--- START ---

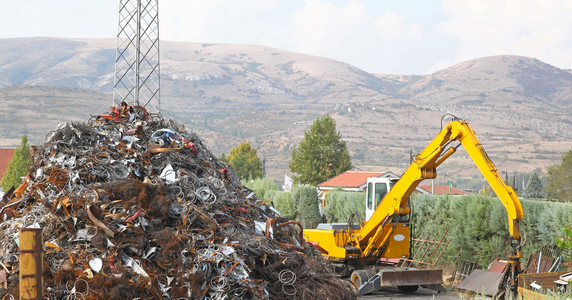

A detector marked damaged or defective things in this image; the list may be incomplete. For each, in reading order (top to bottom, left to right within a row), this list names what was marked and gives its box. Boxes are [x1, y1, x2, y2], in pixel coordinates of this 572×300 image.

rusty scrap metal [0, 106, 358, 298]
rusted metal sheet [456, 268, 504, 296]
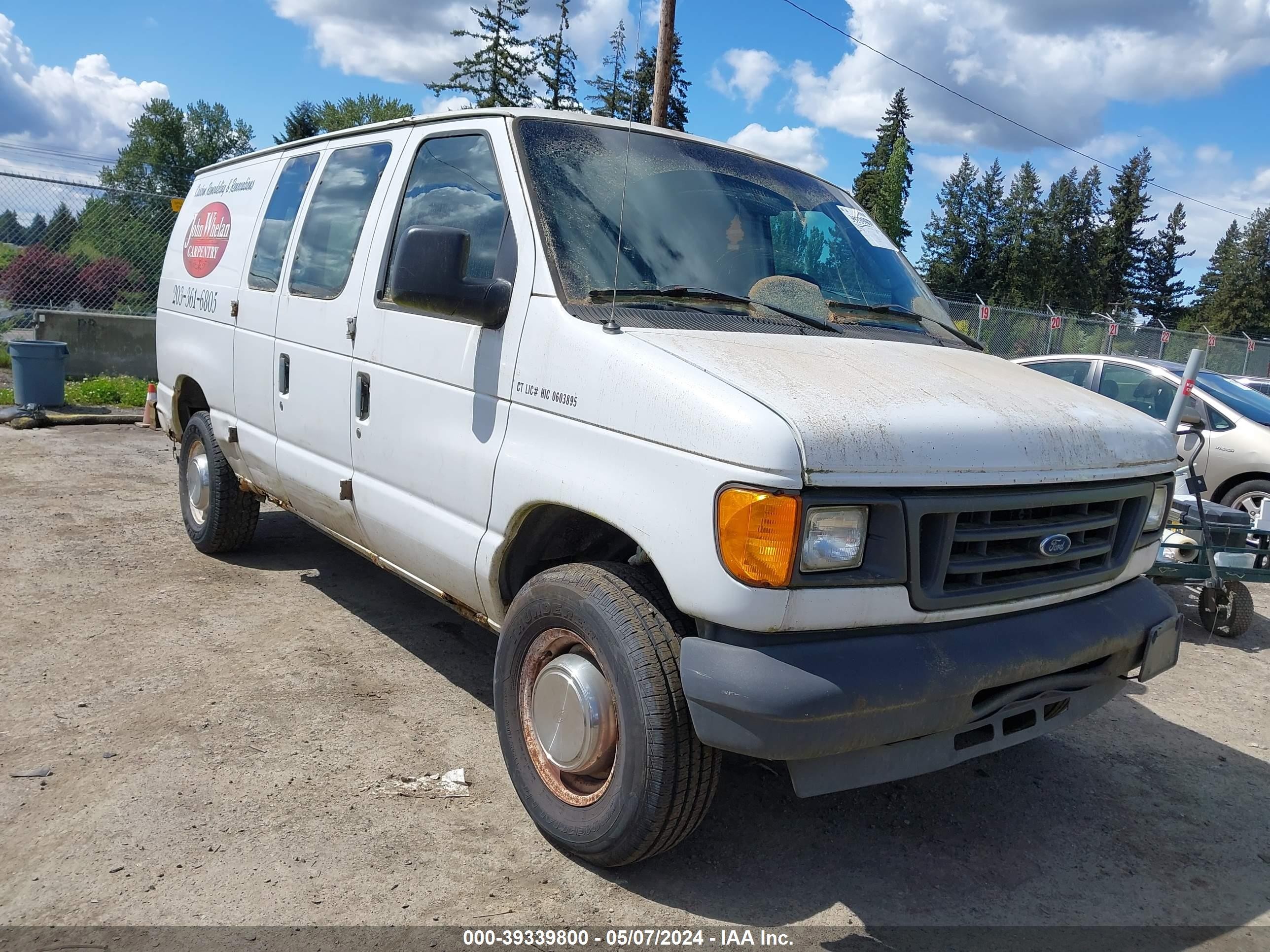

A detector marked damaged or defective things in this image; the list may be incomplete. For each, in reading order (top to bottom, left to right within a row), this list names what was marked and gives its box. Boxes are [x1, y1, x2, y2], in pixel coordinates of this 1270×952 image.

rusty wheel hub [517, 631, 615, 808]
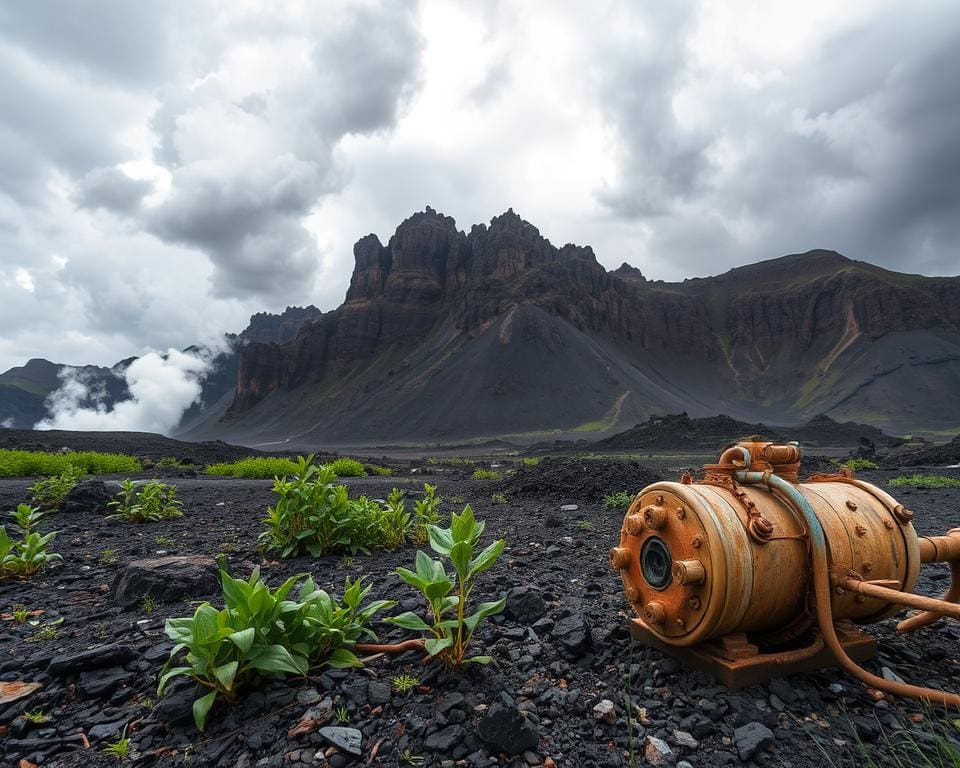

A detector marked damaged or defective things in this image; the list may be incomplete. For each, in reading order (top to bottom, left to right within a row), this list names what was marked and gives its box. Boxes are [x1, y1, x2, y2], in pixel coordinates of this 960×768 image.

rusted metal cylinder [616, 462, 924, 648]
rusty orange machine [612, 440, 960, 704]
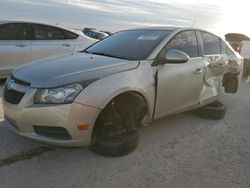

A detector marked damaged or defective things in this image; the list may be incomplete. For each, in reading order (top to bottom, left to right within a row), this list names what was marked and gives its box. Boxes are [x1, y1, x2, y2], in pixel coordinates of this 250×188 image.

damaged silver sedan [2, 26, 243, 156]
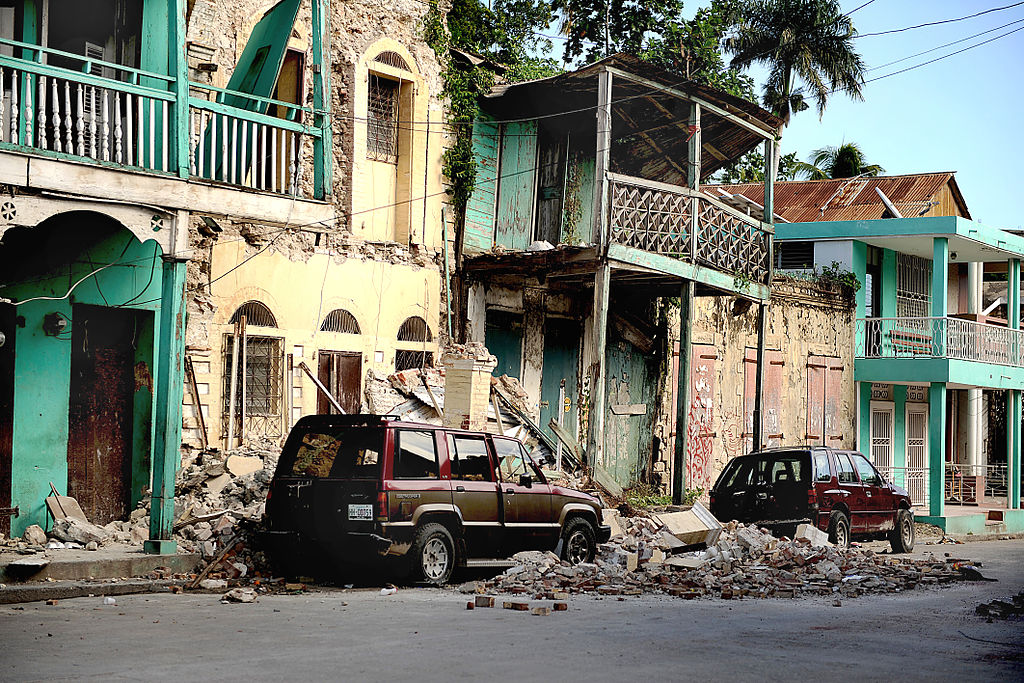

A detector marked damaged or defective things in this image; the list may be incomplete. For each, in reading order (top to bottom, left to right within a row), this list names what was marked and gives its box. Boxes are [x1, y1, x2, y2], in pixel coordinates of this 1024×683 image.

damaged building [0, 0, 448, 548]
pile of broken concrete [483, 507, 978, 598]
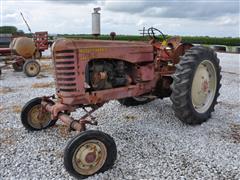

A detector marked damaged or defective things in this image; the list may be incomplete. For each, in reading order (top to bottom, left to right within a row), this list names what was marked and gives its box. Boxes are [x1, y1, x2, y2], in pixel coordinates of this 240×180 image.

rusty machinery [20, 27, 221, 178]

--- END ---
--- START ---

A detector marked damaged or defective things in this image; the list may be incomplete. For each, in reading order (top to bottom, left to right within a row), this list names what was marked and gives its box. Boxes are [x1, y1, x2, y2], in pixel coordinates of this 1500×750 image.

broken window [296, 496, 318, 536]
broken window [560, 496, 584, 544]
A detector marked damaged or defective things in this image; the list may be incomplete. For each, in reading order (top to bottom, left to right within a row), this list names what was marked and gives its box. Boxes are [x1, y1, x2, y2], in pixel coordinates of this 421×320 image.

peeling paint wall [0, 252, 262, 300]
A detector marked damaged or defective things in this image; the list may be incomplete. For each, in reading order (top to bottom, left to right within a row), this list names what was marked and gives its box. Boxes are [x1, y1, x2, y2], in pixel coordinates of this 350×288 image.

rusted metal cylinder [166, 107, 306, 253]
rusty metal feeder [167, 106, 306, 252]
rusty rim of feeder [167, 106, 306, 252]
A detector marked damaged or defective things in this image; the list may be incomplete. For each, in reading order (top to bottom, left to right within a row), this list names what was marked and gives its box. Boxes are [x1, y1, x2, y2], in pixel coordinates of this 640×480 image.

--- END ---
--- START ---

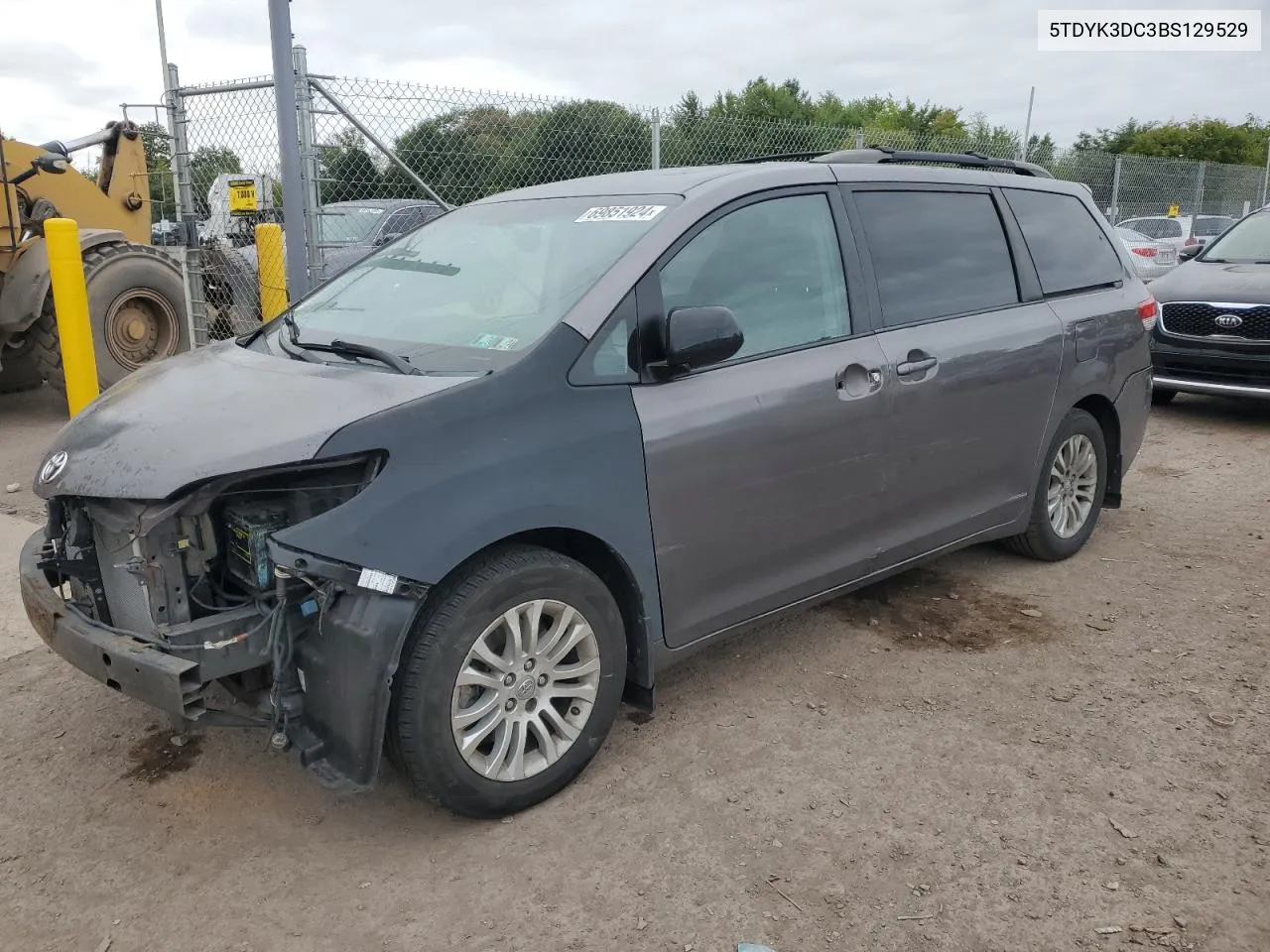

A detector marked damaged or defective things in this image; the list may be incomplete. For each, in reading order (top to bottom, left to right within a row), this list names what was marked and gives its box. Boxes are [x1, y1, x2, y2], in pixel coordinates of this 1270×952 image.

--- END ---

§ **What you will do**:
Within the material above, the line with "this 421×320 image." opens the range and the line with "this 640×480 image." closes it; reproduce that range word for word.

§ **Written reply**:
A detector marked damaged or defective things in this image; the list may be incomplete. For each, in reading order (top to bottom, left to right within a row), this list names what was marked and gives its box. Boxes are [x1, y1, x2, y2], in pixel coordinates of this 421×320 image.

peeling paint wall [0, 252, 262, 300]
A detector marked damaged or defective things in this image; the list may be incomplete. For each, in reading order (top to bottom, left to right within a row), this list names what was marked and gives its box. Boxes are [x1, y1, x2, y2], in pixel coordinates of this 350×288 image.

rusted metal cylinder [166, 107, 306, 253]
rusty metal feeder [167, 106, 306, 252]
rusty rim of feeder [167, 106, 306, 252]
A detector marked damaged or defective things in this image; the list may be incomplete. For each, in reading order (top to bottom, left to right within a row), this list names what was marked and gives its box. Boxes are [x1, y1, x2, y2], in pixel coordinates of this 640×480 image.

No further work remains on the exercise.